An interesting point, Daniel, but I suppose one could say that other MMJ providers following state law would be deterred from state-legal activities upon seeing these defendants sentenced to prison. If we genuinely accept general deterrence as a rationale and realistic effect of a criminal sentence, then there is a basis to assert imposition of a sentence here will impact MMJ implementation in California. That said, your argument is still compelling because a sentencing and its deterrent impact does not really "prevent" implementation behavior, it formally just influences/impacts it.

Posted by: Doug B | Aug 15, 2017 10:48:50 AM


You write, "but I suppose one could say that other MMJ providers following state law would be deterred from state-legal activities upon seeing these defendants sentenced to prison." It is difficult to see how. The deterrence is the conviction, not the sentence. For example, whether a defendant gets a strike for the purpose of CA's three strike law turns on whether or not the person was convicted of a crime, not whether they were ever sentenced for the crime.
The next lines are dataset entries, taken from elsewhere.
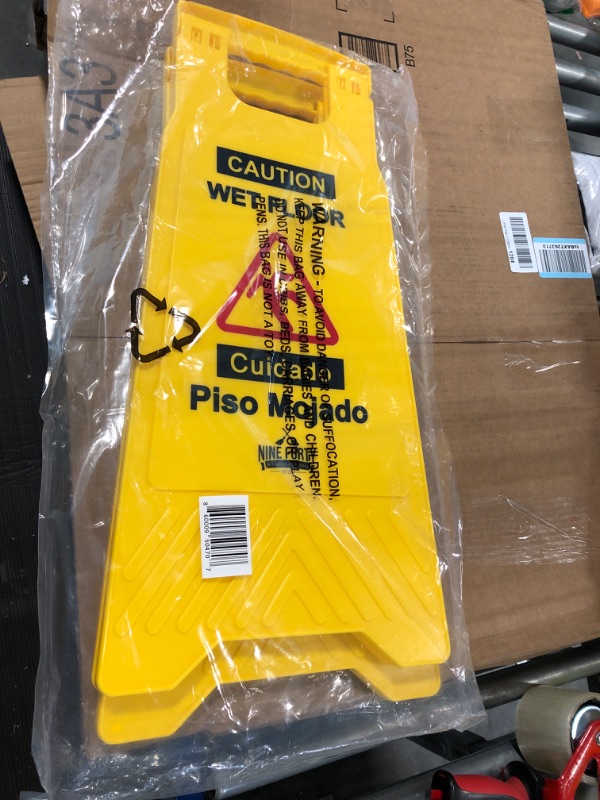 Photo 2 of Nine Forty No-Pinch Handle Commercial Caution Wet Floor Sign | Sturdy and Durable Yellow 2-Sided Fold-Out A-Frame Design | Bilingual Message - 24" Height | Ideal for Indoor and Outdoor Use | Pack of 2 2 pack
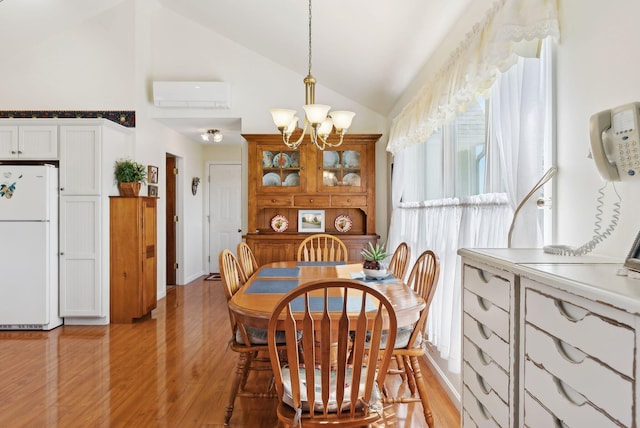 61 Pond Rd, Albion, ME 04910 - dining area with an AC wall unit, light wood finished floors, high vaulted ceiling, and an inviting chandelier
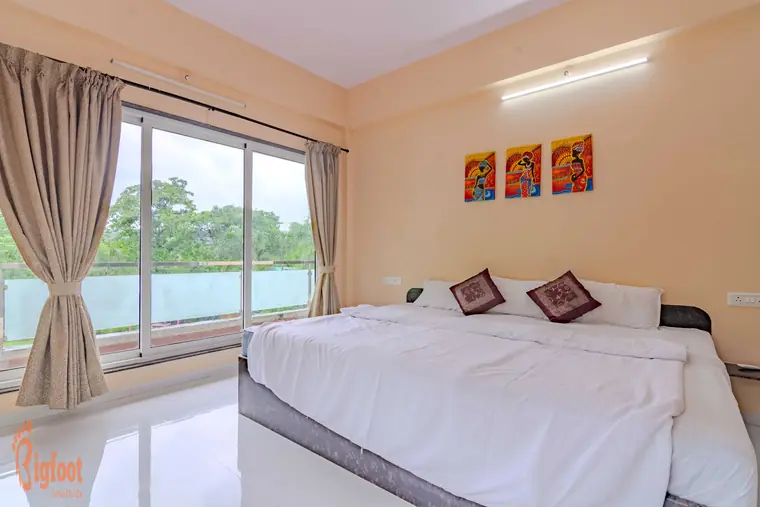 Bedroom at Hideaway Villa decorated with framed artwork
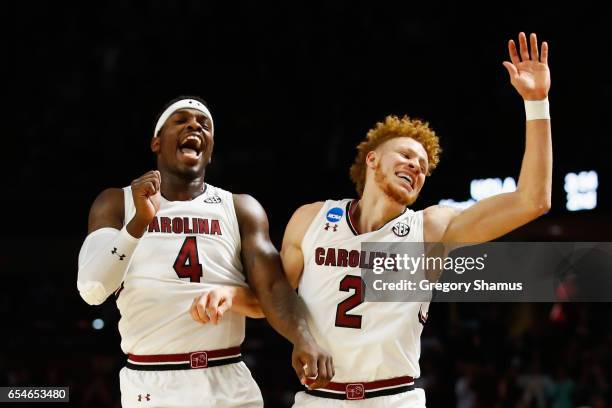 Rakym Felder and Hassani Gravett of the South Carolina Gamecocks celebrate their 93-73 win over the Marquette Golden Eagles during the first round of...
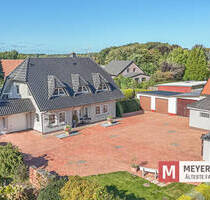 Familienfreundliches Einfamilienhaus mit separater Gewerbefläche in Jaderberg (Obj.-Nr. 6536)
Since the guilty verdicts stands the damage has already been done. If these two were to go out and get into trouble again while their sentences were suspended they already have one strike, the suspension doesn't change that fact.

"The essence of the Three Strikes law was to require a defendant /convicted/ of any new felony, having suffered one prior /conviction/ of a serious felony to be sentenced to state prison for twice the term otherwise provided for the crime." (emphasis added).


So it is had to see how any rational actor would be chilled/deterred simply by the handing down of a sentence in this context. General deterrence strikes me as far too attenuated to even qualify as interference.

Posted by: Daniel | Aug 15, 2017 1:14:47 PM

Daniel, are you really asserting there is the same general and specific deterrent impact between a conviction with no sentence and a conviction with a sentence of five years imprisonment? Are you saying a rational actor would react to a five year sentence and a suspended sentence the same way? That does not seem logical to me at all, and all "rational" accounts of marginal deterrence theory would dispute your contention.

For future crimes by these defendants, any valid conviction may count as a strike under CA law. But as for these defendants or others being willing to grow MJ for medical use, the impact and import of being sent to federal prison for years would seem to potentially matter a lot.

That all said, I wonder if the feds even tried to make this argument or if they might consider appealing on this ground. Of course, the latest spending rule runs as of Sept 30, so the landscape may be different in a matter of weeks.

Posted by: Doug B. | Aug 15, 2017 3:26:02 PM


"Daniel, are you really asserting there is the same general and specific deterrent impact between a conviction with no sentence and a conviction with a sentence of five years imprisonment?"

No because that is not the fact pattern here. Here the judicial process has only been suspended. I emphasize the judicial process because what happened here doesn't qualify as a "suspended sentence" in the ordinary meaning of that term. What can be the real deterrent effect of "oh, we will get around to sentencing you later"? What you are suggesting is taking marginal deterrence theory to the absurd extreme. Are you really trying to argue that whether some random criminal in the news gets sentenced now or 90 days later really serves as a deterrent to other criminals? Oh please.